The pattern layer 30 of the present invention comprises a three-dimensional structure comprising a plurality of individual, three-dimensional, non-uniform, polygons 50 having an aspect ratio greater than, or equal to, 1. In a preferred embodiment the individual, three-dimensional, non-uniform, polygons 50 have an aspect ratio (width-to-height) preferably greater than 1 in a single dimension within the plane of the pattern layer 30. Preferably, the web material exhibits a non-uniform pattern of elongate polygons 50 where the longitudinal axis L of each polygon 50 is disposed generally in the cross-machine direction of the pattern layer 30 and the belt 10. However, as would be known to one of skill in the art, the longitudinal axis L of each polygon 50 can be disposed in any direction in the plane of the belt 10.
To impart minimum three-dimensional structure to the surface of the finished product produced by belt 10, pattern layer 30 should be provided with minimal thickness. In a preferred embodiment, pattern layer 30 extends above the surface of reinforcing structure 12 that is opposite the machine facing side 18 by less than about 0.003 inches (0.076 mm). A pattern layer 30 having such a thickness can result in a fabric that replaces a multi-layer woven forming fabric. This type of manufacturing can reduce loom time and cost in production. However, one of skill in the art will appreciate that for other grades and/or types of finished product, pattern layer 30 can be provided with any thickness necessary to provide the required three-dimensional structure relevant and or required for the finished product.
The thickness of the reinforcing structure 12 can be measured using an Emveco Model 210A digital micrometer made by the Emveco Company of Newburg, Oreg., or any other similar apparatus known to those of skill in the art. Such an apparatus uses a 3.0 pound per square inch (20.7 kPa) load applied through a round 0.875 inch (22.2 mm) diameter foot. The reinforcing structure 12 may be loaded up to a maximum of 20 pounds per lineal inch (3.5 kN/m) in the machine direction while tested for thickness. The reinforcing structure 12 is maintained at about 50° F. (10° C.) to about 100° F. (38° C.) during testing.

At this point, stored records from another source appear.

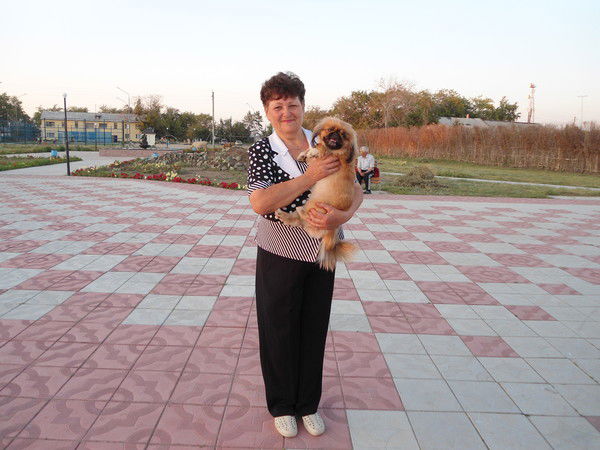 Нелли Кузнецова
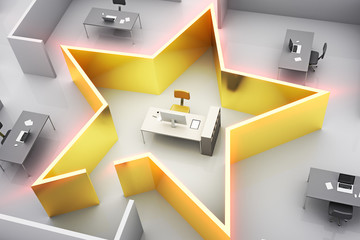 office star concept
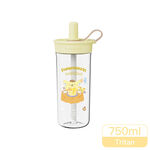 LL Bubble tea water bottle 750ml, , large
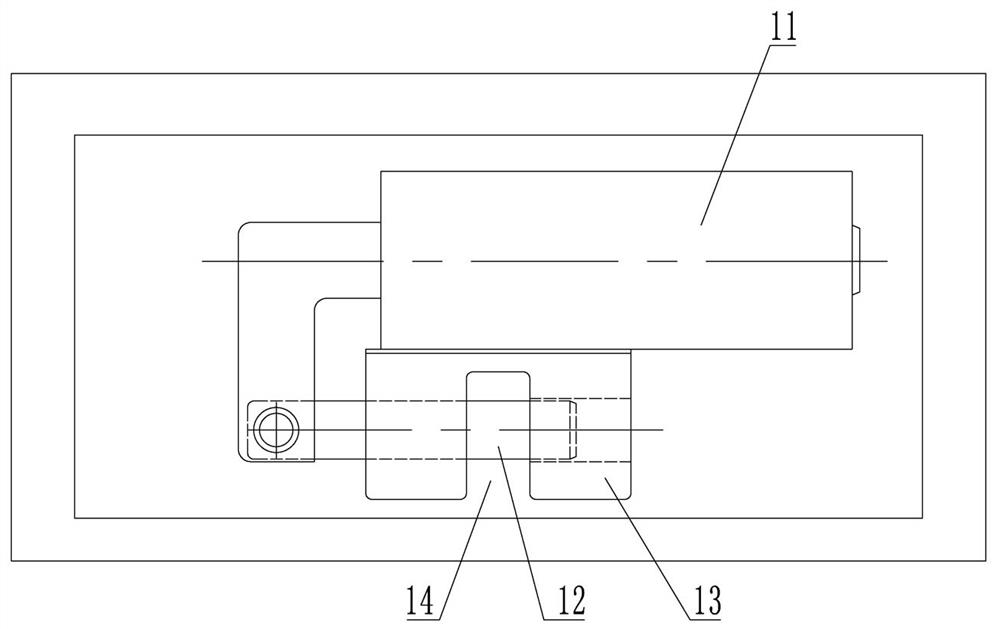 Drowning-preventing lifesaving system for water conveyance canal with side slope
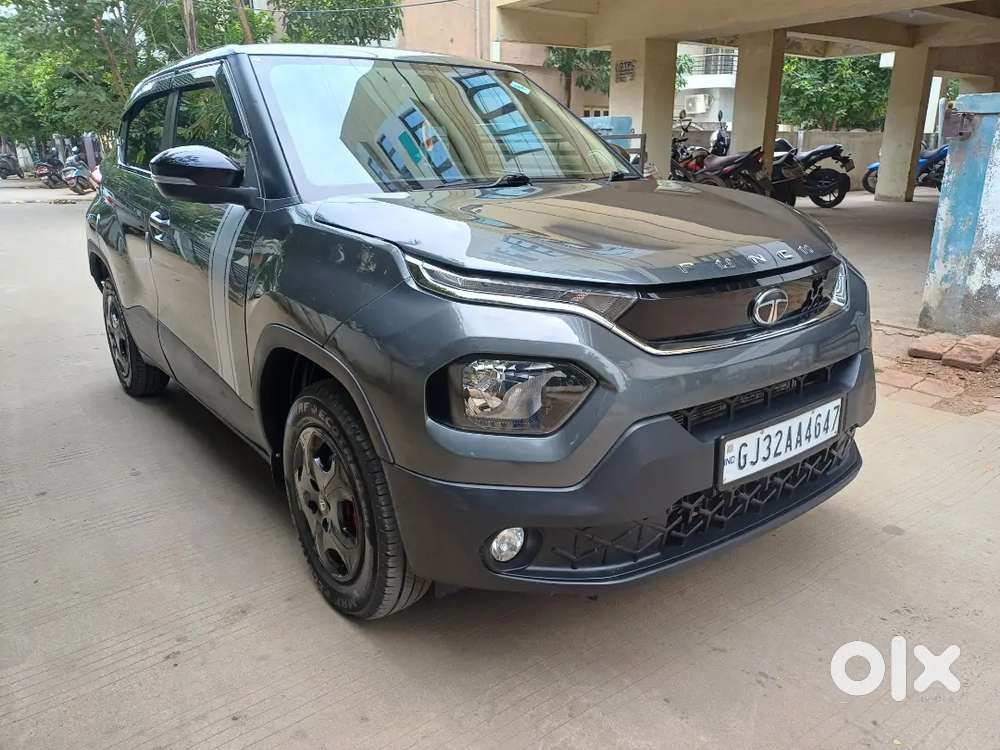 Tata Punch I-cng Accomplished 2024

The pattern layer 30 of the present invention preferably exhibits a two-dimensional pattern of elongate three-dimensional polygons that is substantially amorphous in nature. The term “amorphous” refers to a pattern that exhibits no readily perceptible organization, or regularity, but may exhibit a perceptible orientation, of constituent elements. In such a pattern, the arrangement of one element with regard to a neighboring element bear no predictable relationship, other than orientation, to that of the next succeeding element(s). Contrastingly, an “array” refers to patterns of constituent elements that exhibit a regular, ordered grouping or arrangement. In an array pattern, the arrangement of one element with regard to a neighboring element bear a predictable relationship to that of the next succeeding element(s).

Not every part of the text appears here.